-- Opening Marker --
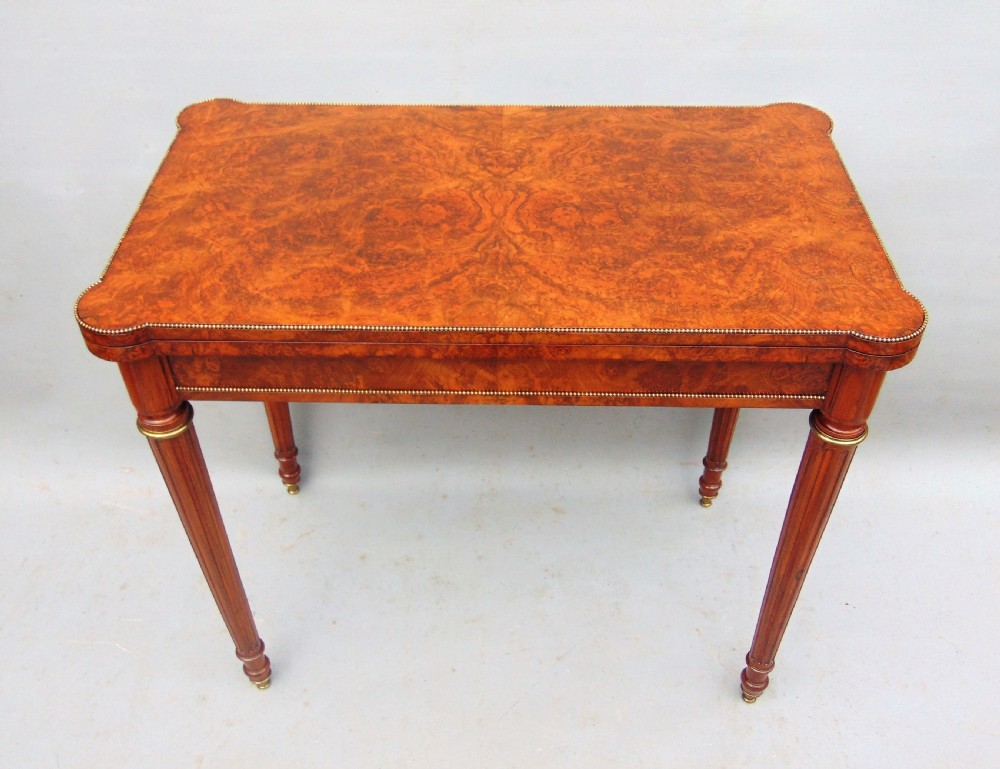 A Victorian burr walnut fold-over card table featuring a figured veneer top, brass beaded edging, and turned fluted legs.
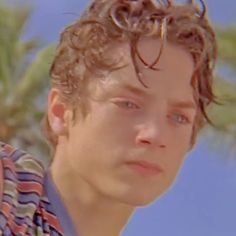 a young man with curly hair and glasses on his head looking at the camera while standing in front of palm trees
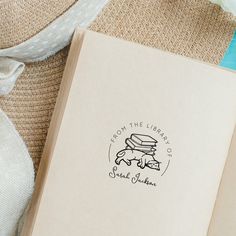 an open book sitting on top of a table next to a hat and some flowers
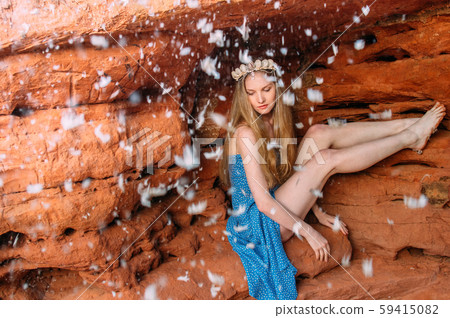 Young woman in crown from shells sitting in the Young woman in crown from shells sitting in the 59415082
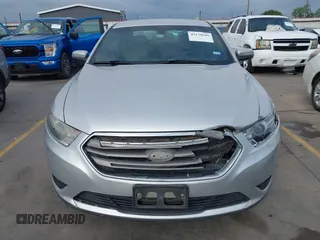 2015 Ford Taurus SEL z VIN 1FAHP2E88FG133328, wystawiony jako IAAI lot #42179649 z przebiegiem 127 171 mil mil oraz . Historia ofert i sprzedaży dostępna na DreamBid. Obrazek 17.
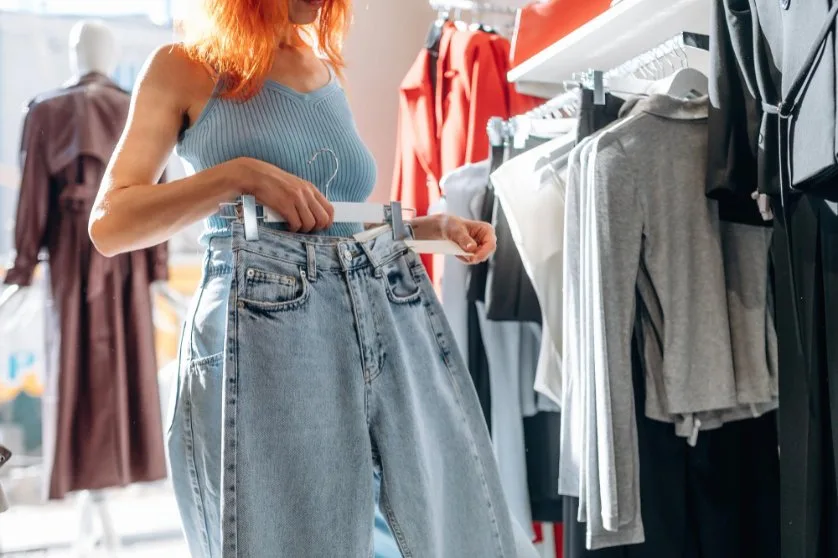 Shopping guide showing different pants and trousers options in a retail setting with price tags and styling advice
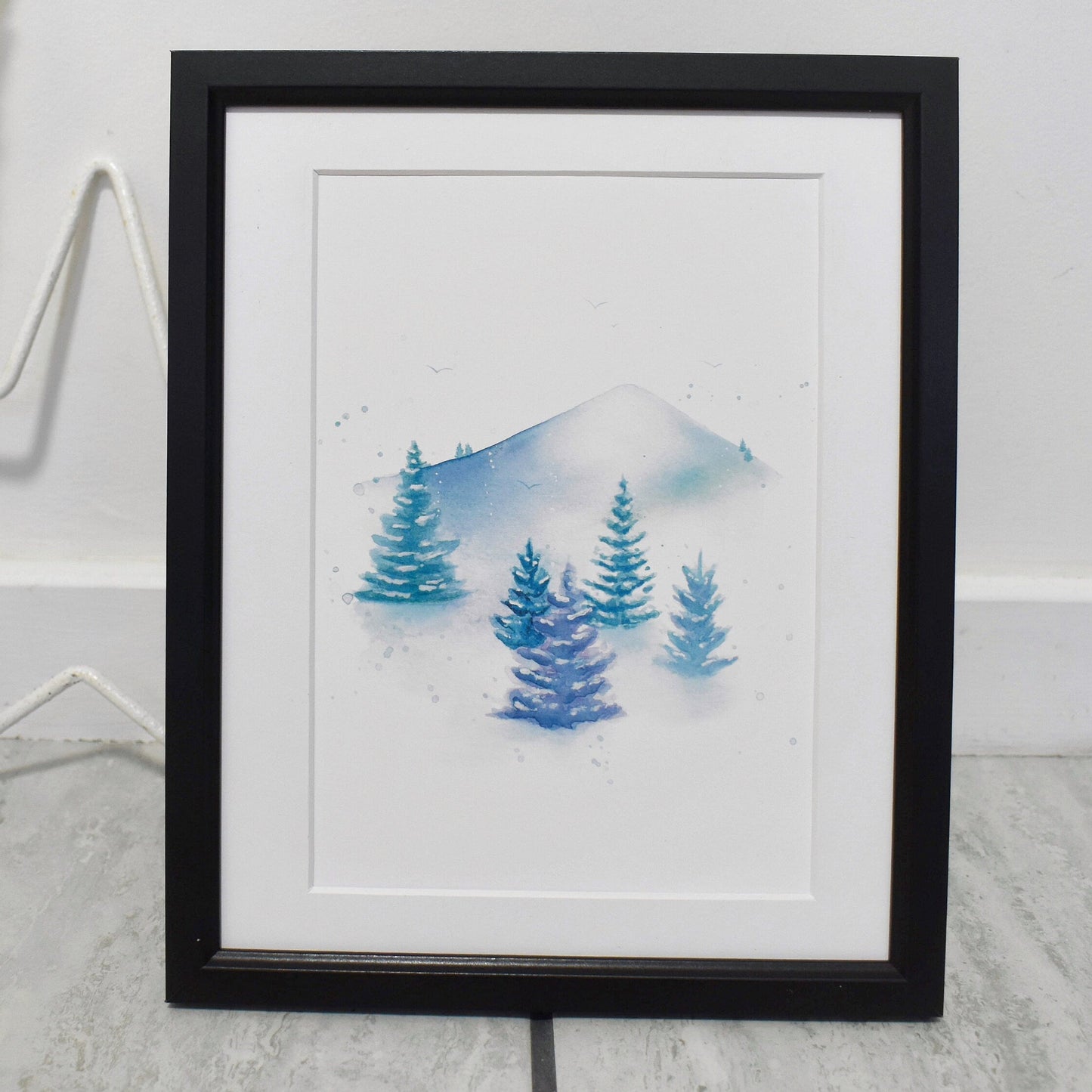 Framed artwork of blue trees and mountains on a white background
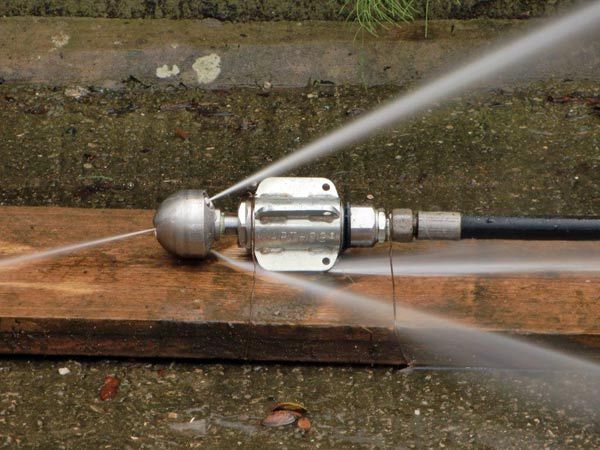 Un ugello metallico per la pulizia delle fognature spruzza getti d'acqua ad alta pressione in diverse direzioni, mentre è appoggiato su una tavola di legno.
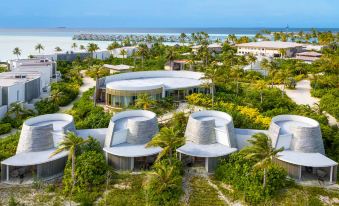 aerial view of a modern beach resort surrounded by palm trees , with multiple buildings and umbrellas visible at Hard Rock Hotel Maldives - Complimentary Roundtrip Speed Boat Transfer Until 31st October 2025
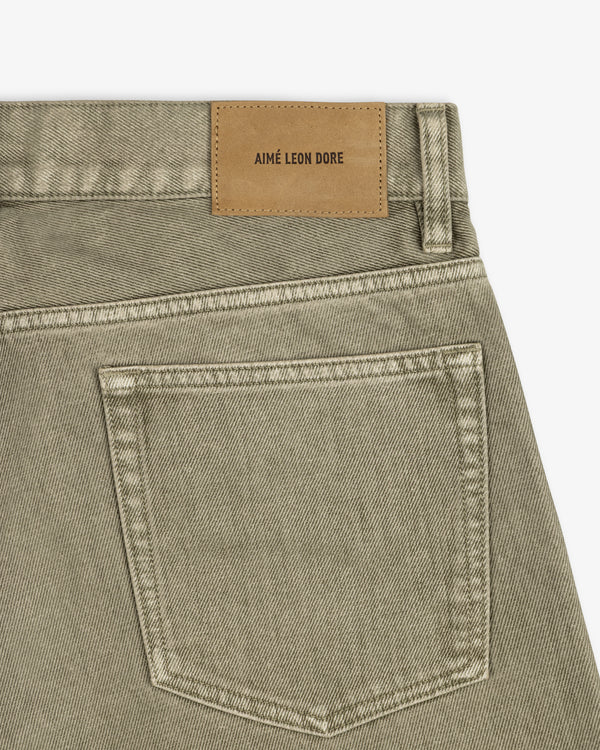 Flocked Straight Fit Denim jeans in olive green with a back pocket and tan brand-labeled leather patch.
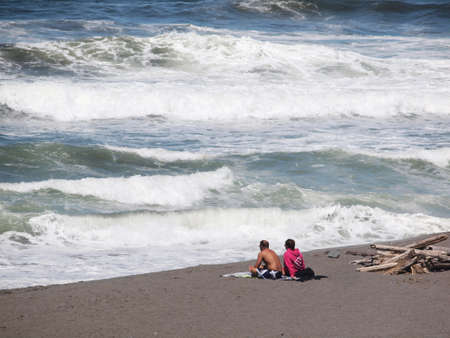 Couple sat on an Oregan beach in Windy weather watching the waves and enjoying the viewのeditorial素材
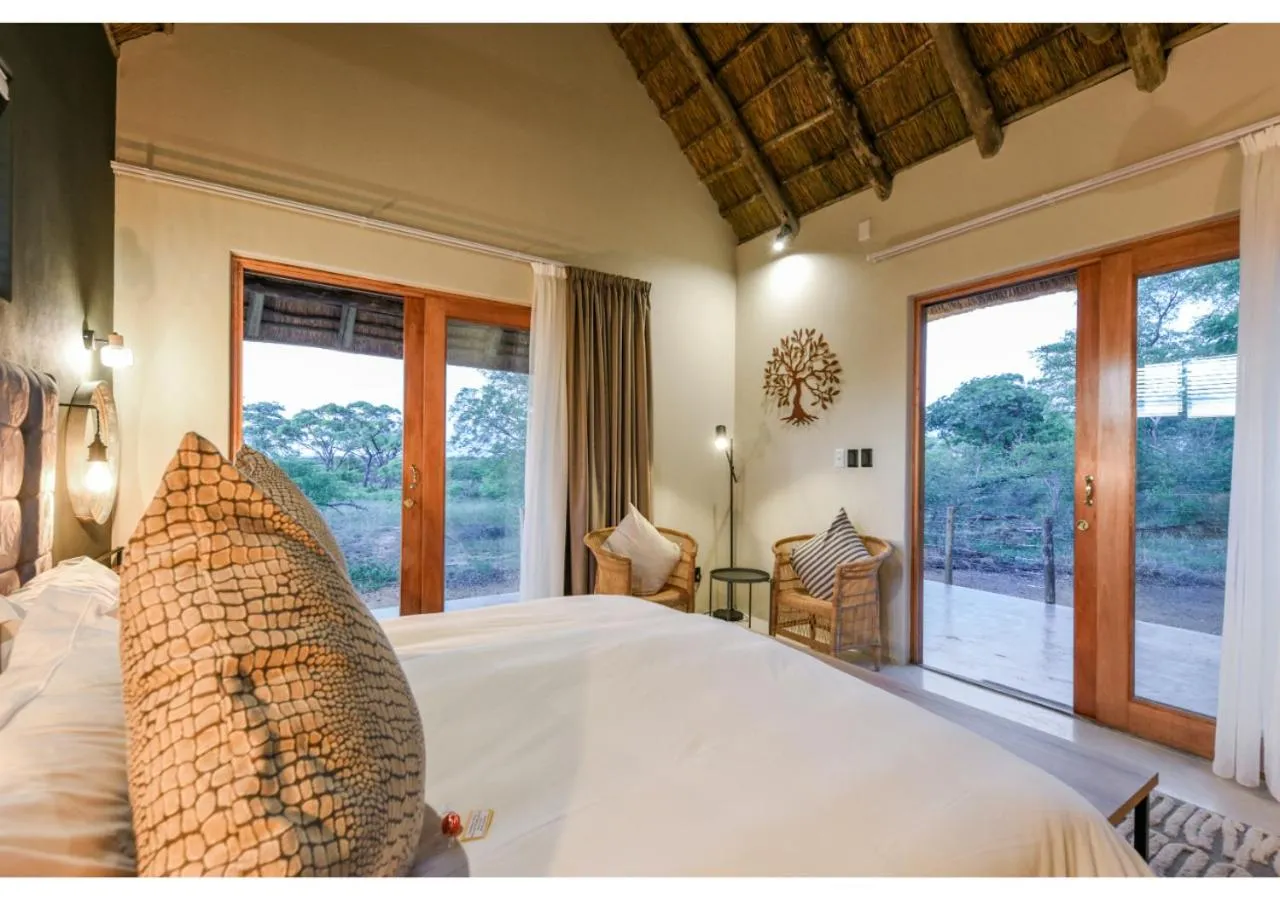 Bed in Mziki Safari Lodge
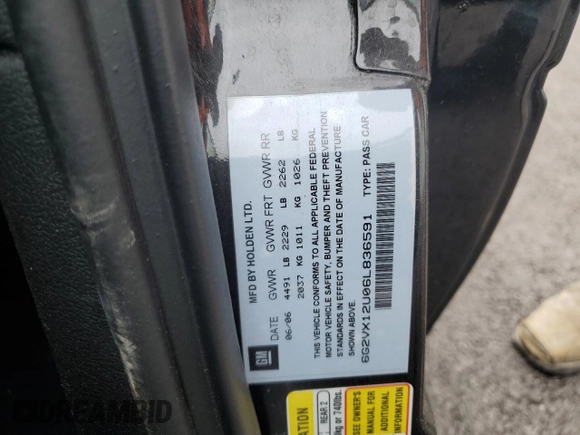 2006 Pontiac GTO z VIN 6G2VX12U06L836591, wystawiony jako Copart lot #51596625 z przebiegiem 61 758 mil mil oraz Szkoda całkowita • Salvage title. Historia ofert i sprzedaży dostępna na DreamBid. Obrazek 13.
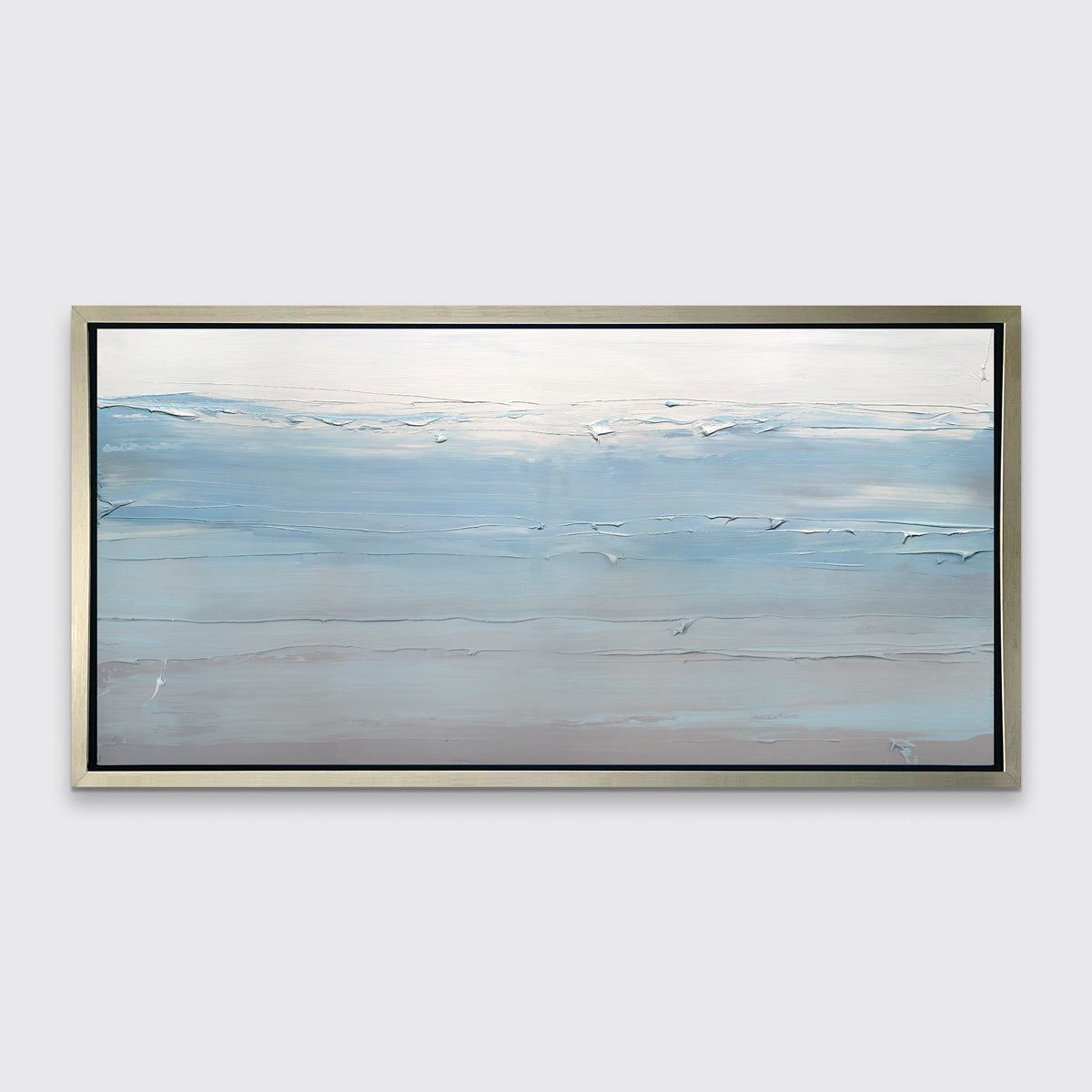 A blue, grey and grey-beige abstract print in a silver floater frame hangs on a white wall.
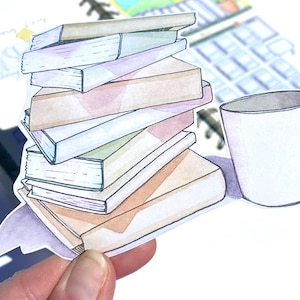 May include: A stack of colorful books with a white mug next to them. The books are stacked on top of each other and have different colored covers. The mug is white and has a handle.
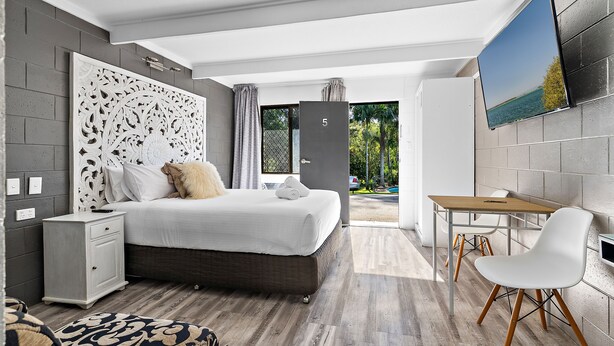 Ein modernes Schlafzimmer mit einem großen Bett, einem Schreibtisch und einem Fernseher.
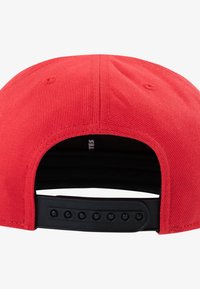Rød baseballkasket med tekstureret stof. Har en sort justerbar snapback-lukning og synlige syninger langs sømmene.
-- Closing Marker --
**EXERCISE AIM**
Starting at the line with "an open book" and finishing at the line with "Young woman in crown from shells sitting in the Young", copy the material above exactly, both lines included. Nothing else goes in, and no pictures.

**TASK ANSWER**
 an open book sitting on top of a table next to a hat and some flowers
 Young woman in crown from shells sitting in the Young woman in crown from shells sitting in the 59415082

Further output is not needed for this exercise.